Jeunes et moins jeunes
Seule dose d’espoir pour le marketing dans ce marasme statistique : le clivage générationnel. On s’aperçoit en effet que l’acceptation des techniques de personnalisation augmente avec la jeunesse. Les 18-24 ans apprécient mieux les différentes pratiques marketing que leurs aînés de 65 ans et plus. Le suivi en tant que client est plébiscité par 39% des jeunes contre 15% pour les moins jeunes, la publicité personnalisée à 37% vs 19%, et les mailings à 41% contre 30%.
Autre petit rayon de soleil (mais maigre) : l’origine de ce refus en bloc des techniques de marketing proviendrait davantage du traitement des données personnelles que du marketing en soi. « Loin d’être convaincus de leur apport en termes d’expérience client, [les Français] sont surtout inquiets de l’utilisation que peuvent faire les sites de e-commerce [de leurs données]. 81% des Français se déclarent préoccupés par la collecte et l’utilisation de leurs données par des sites de e-commerce, 33% se disent même très préoccupés », affirme le sondage, par la voix de Céline Bracq, DG d’Odoxa.

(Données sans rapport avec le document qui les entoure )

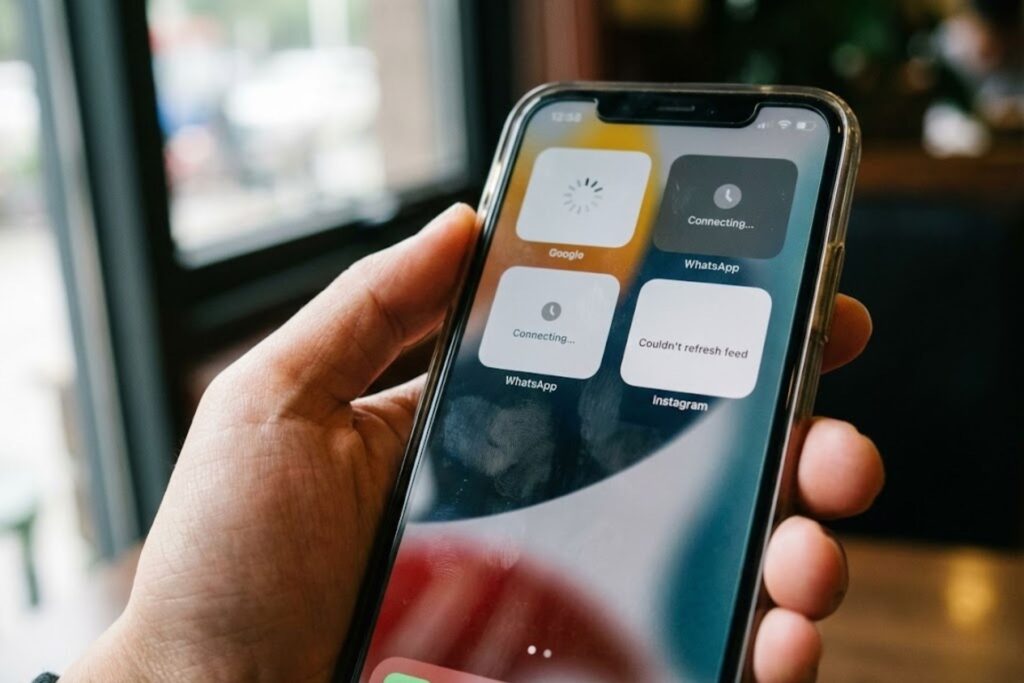 Écran de smartphone en Chine où Google, WhatsApp et Instagram ne chargent pas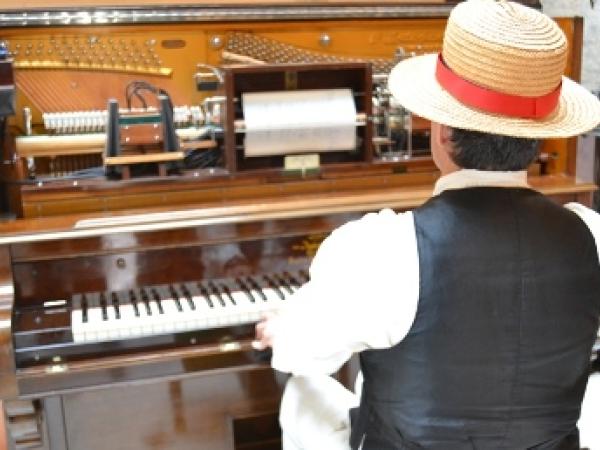 Sona, sona la pianola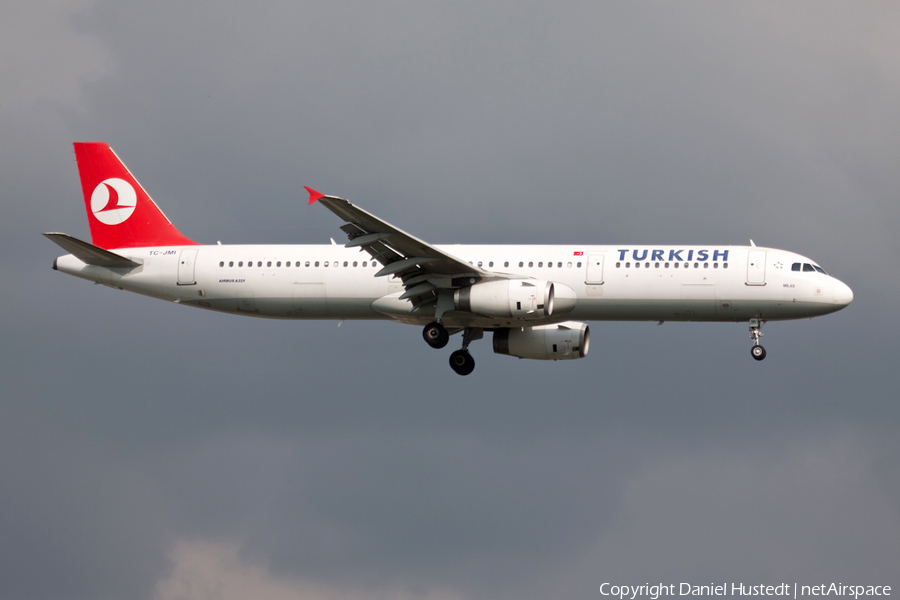 Turkish Airlines Airbus A321-232 (TC-JMI) | Photo 523078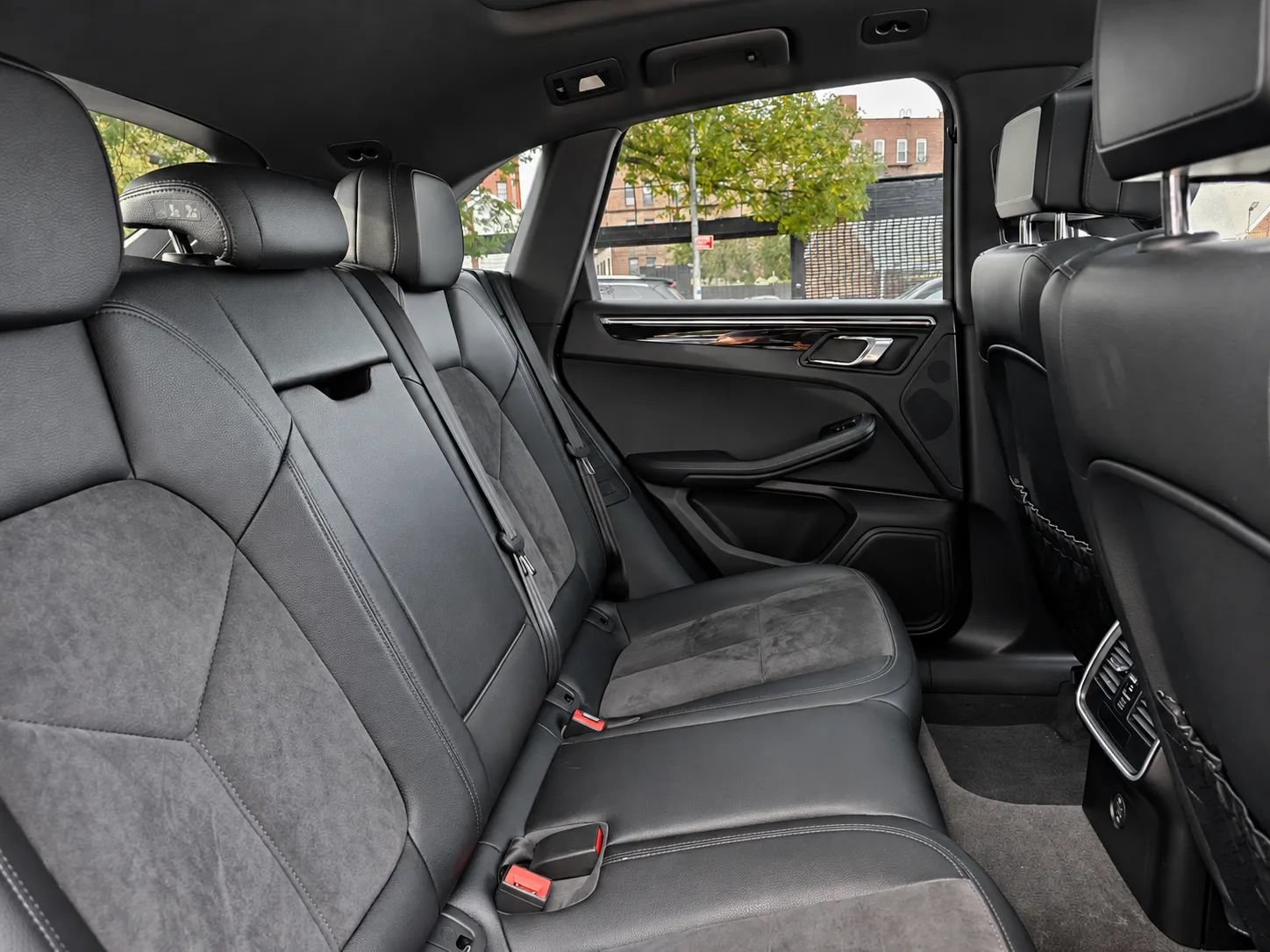 Used 2017 Porsche Macan AWD/4WD image 32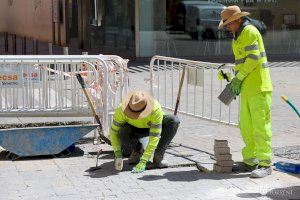 Torrent inicia la reparación de adoquines en la calle Baviera, junto a la Torre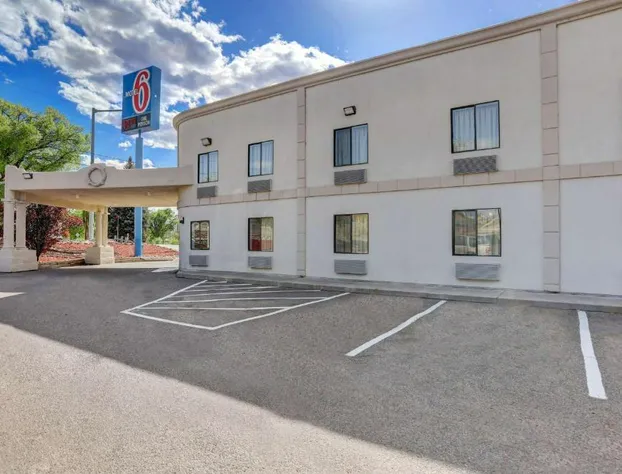 Motel 6 Espanola, NM hotel detail image 1
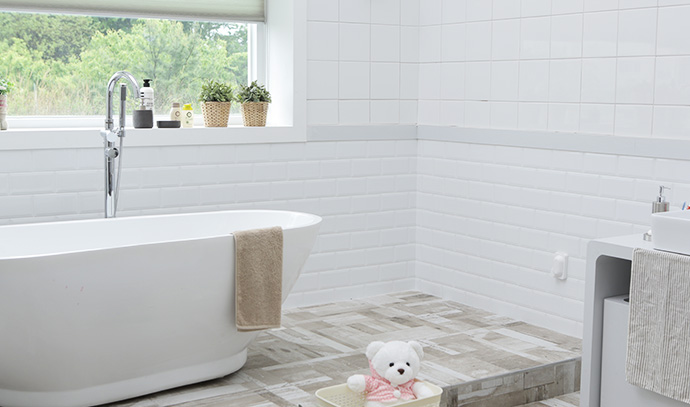 wa-bathrooms-white-interior-design-tiles-bathtub-elegant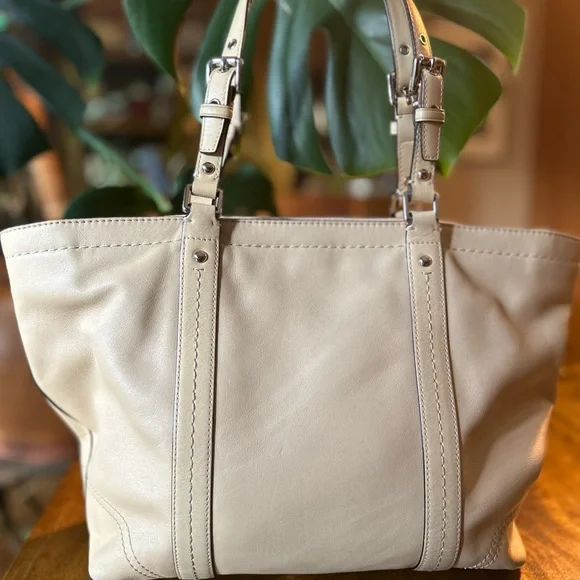 Coach Beige Leather Tote Bag - Picture 2 of 12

Et évidemment, les plus âgés sont les plus négatifs sur le sujet : pour 89% d’entre eux, la collecte de leurs données est une préoccupation.
« Fake nous »
Fort de cette aversion, les Français n’hésitent pas à trouver toutes sortes de parades, et à mentir éhontément sur internet. 60% des personnes interrogées donnent de fausses informations aux sites e-commerce. « A quel point un site de e-commerce prend-il le risque de perdre des clients en cherchant à collecter un maximum d’informations personnels ? », s’interroge Céline Bracq.
43% ont déjà donné de fausses informations dans les formulaires, et 29% n'ont pas hésité à donner sciemment une mauvaise adresse mail. Ainsi, 38% des personnes interrogées ont même une adresse mail « Poubelle », pour la publicité et les spams – les deux étant mis au même plan. Encore une fois, le clivage générationnel est réel, avec des jeunes renonçant moins à un service qui nécessite de rentrer ses données personnelles, mais n’hésitant pas à tricher. Les plus âgés, eux, prennent moins de risques en livrant moins d’informations contre les services, mais sont plus honnêtes quand ils le font.
Enfin, une semaine après l’entrée en vigueur du RGPD au niveau européen, une partie de l’étude est inquiétante à plus d’un titre. 67% des personnes interrogées avouant ne pas faire confiance aux marques pour les appliquer.
Nouvel emballage
Pour Manuel Diaz, le fondateur d’Emakina, outre la question des données personnelles, « les marques ont changé l’emballage sans changer le produit. Elles emploient de nouveaux mots, comme « engagement », « marketing relationnel », « création de lien », mais continuent d’employer les mêmes techniques. […] le marketing, qui est supposé créer de l’engagement est une machine à exaspérer. »
Certes, il ne s’agit que d’un sondage, et il serait prématuré de faire le procès du marketing, de ses techniques et de ses objectifs. Mais chaque piqûre de rappel négative est une occasion de se remettre en cause. Car si une chose est sûre, c’est qu’à trop tirer sur la corde, les consommateurs pourraient définitivement basculer.